Sexta-feira, 19 Abril

«Jimmy’s Hall» (O Salão de Jimmy) por Paulo Portugal

Exibido em competição no passado festival de Cannes, “Jimmy’s Hall/O Salão de Jimmy” é um daqueles filmes que nos deixa uma agradável sensação, tal como um vazio por não chegar a preencher totalmente o estatuto que, porventura, esta história mereceria. É pena, pois a sua genuína militância marxista pelo ideal de partilha social acaba por sair, digamos, ofuscada por um registo demasiado ‘clean’ e, por isso mesmo, menos credível. Ou seja, paredes meias entre a perfeita comunhão e um mero esboço político-social.

A uma Irlanda dos anos 30, em que os conflitos umbilicais se encontram relativamente pacificados, retorna o autor e ativista político Jimmy Gralton (Barry Ward) após exílio em Nova Iorque.
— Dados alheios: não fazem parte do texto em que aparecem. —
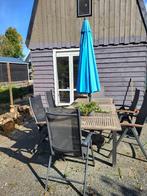 Tuin set, Tuin en Terras, Ophalen, Gebruikt, Hout, Inklapbaar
Depressa é encarado pela comunidade como a esperança de reaver o único local em County Letrim onde se pode ouvir boa música, dançar, praticar boxe, bem como aprender vários ofícios ligados à cultura.

Ao retomar a atividade e colocar o brilho nos olhos de grande parte da população, Jimmy recupera também o amor antigo de Oonah (Simone Kirby), tal como a desconfiança do padre Sheridan (Jim Norton), a autoridade católica da região e auto intitulado brando educador das almas. Ele mesmo que lançará o repto: “Estão com Deus ou com Gralton?”, ao mesmo tempo que do alto do púlpito se interroga pela razão “desta procura pelo prazer”, para em seguida divulgar uma “lista negra” daqueles que ousaram penetrar em tal antro de perdição. Assim mostra Loach as feridas nunca fechadas entre uma sociedade dividida, sublinhando até o extremo a que chega uma das personalidades locais ao chicotear a filha por se entregar a tais ritos de descontração.
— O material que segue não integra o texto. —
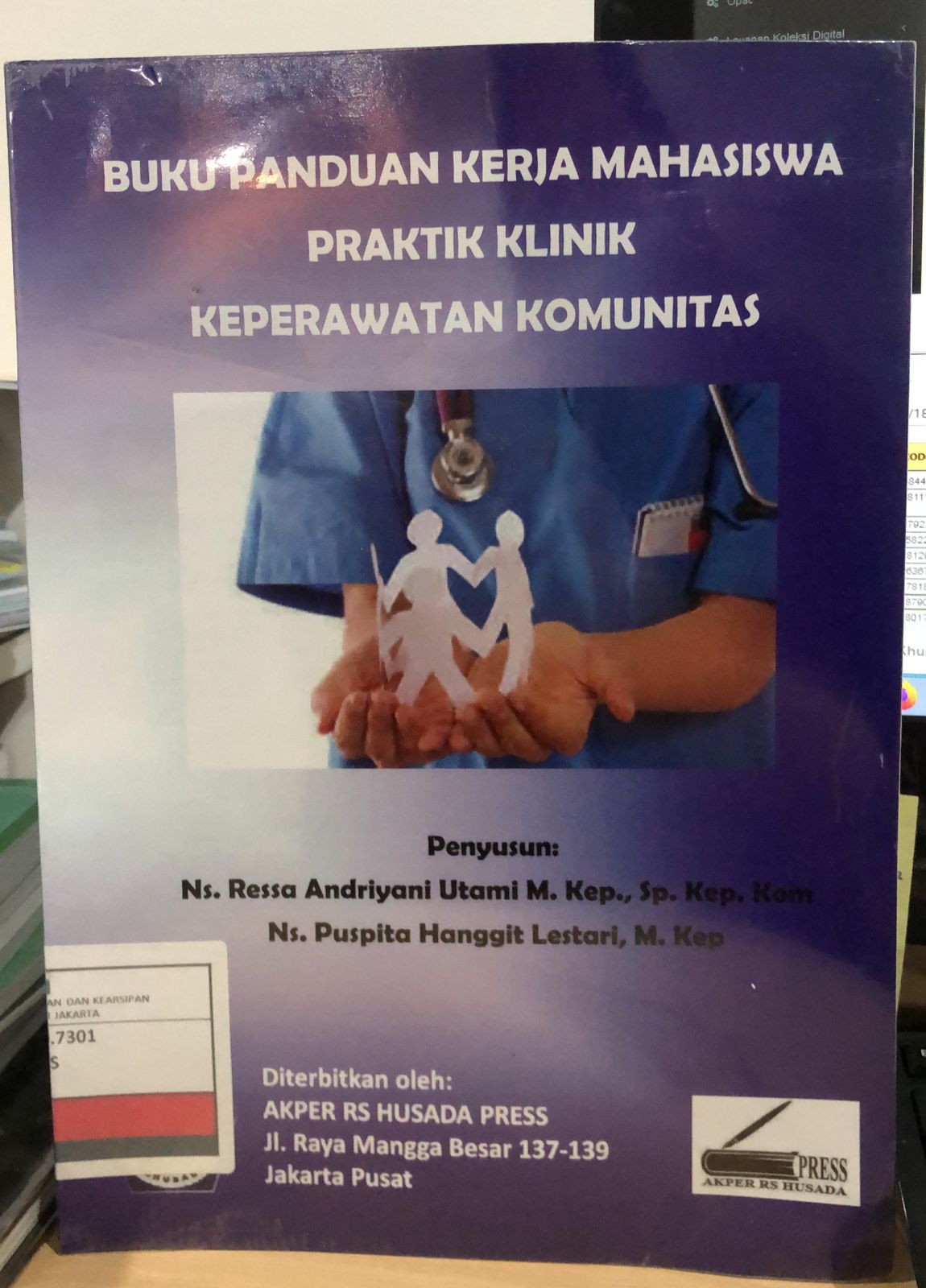 Buku Panduan Kerja Mahasiswa Praktik Klinik Keperawatan Komunitas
Seja como for, um dos problemas que mais afeta este “Salão” é forma idealista e conceptual como Loach desenha as personagens, vistas mais como um arquétipo e menos na sua real dimensão. Como se a dupla (realizador e argumentista Paul Laverty) estivesse demasiado apaixonada pelo conceito e as personagens, esquecendo-se de as dotar de arestas, de falhas, de credibilidade.
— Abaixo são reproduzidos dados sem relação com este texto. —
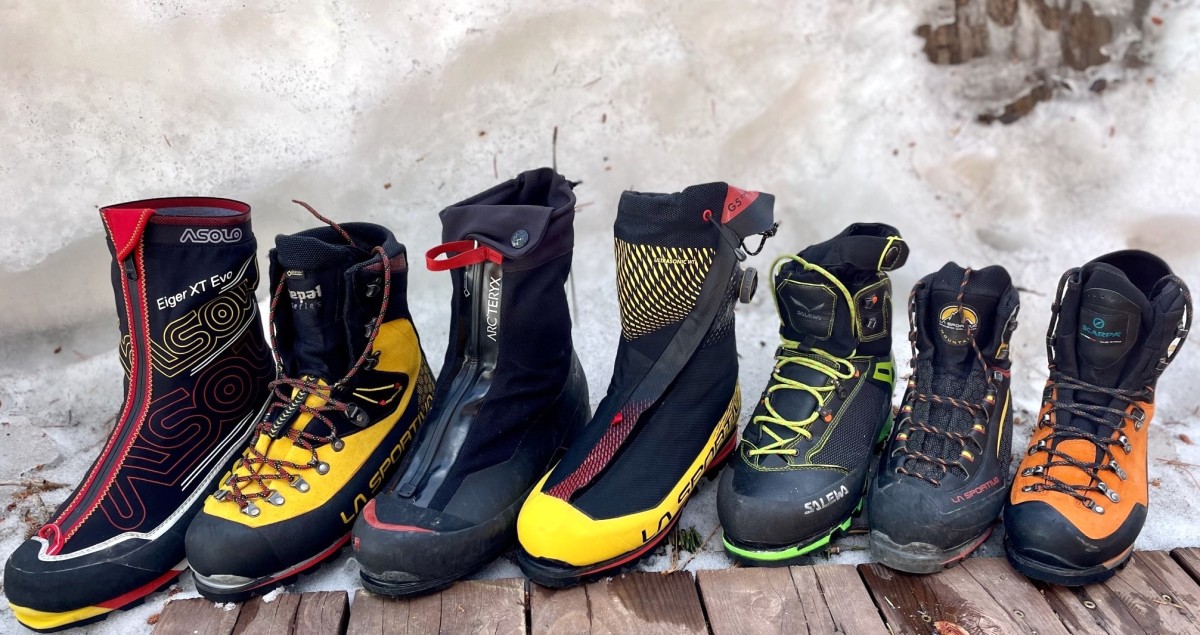 Mountaineering boots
Algo que se estranha pois Ken Loach será provavelmente o realizador britânico mais coerente no seu perfil de cinema comprometido com a realidade e ativismo social, ao que a longa colaboração com Laverty tem ajudado a sintetizar. Seguramente incontornável no documentário de 2013, “The Spirit of 43”, nessa análise profunda da oportunidade perdida do seu país ter seguido a muito louvável via do Estado Social. Apesar da entrega de Barry Ward, Gralton raramente ultrapassar o esboço de protagonista. Antes é-nos apresentado como um homem sem defeitos, liso, mas igualmente plano. O mesmo se diga de grande parte das personagens, todas elas demasiado pensadas em representar grupos e menos indivíduos. Talvez o único a escapar a esta maldição será – ainda que de forma algo paradoxal -, o próprio padre Sheridan, capaz de admitir o qualidade dos ritmos jazzy ou mesmo de referir, já no final, que poucos na sua comunidade teriam a nobreza dos ideais de Gralton.

É claro que nos tempos que correm existe alguma pertinência nos princípios de Loach, embora nos interroguemos porque o filme se fica pelas intenções. Talvez o exemplo mais acabado seja o episódio em que um grupo se dirige a um latifundiário para impedir o despejo de trabalhadores rurais das suas terras. Tudo muito bonito do ponto de vista de época, tudo muito revolucionário, mas também menos credível.

O melhor: Seguramente, o assumido espírito da partilha comunitária social e cultural.
O pior: A ausência daquela centelha de realismo a que Loach tão bem nos habituou.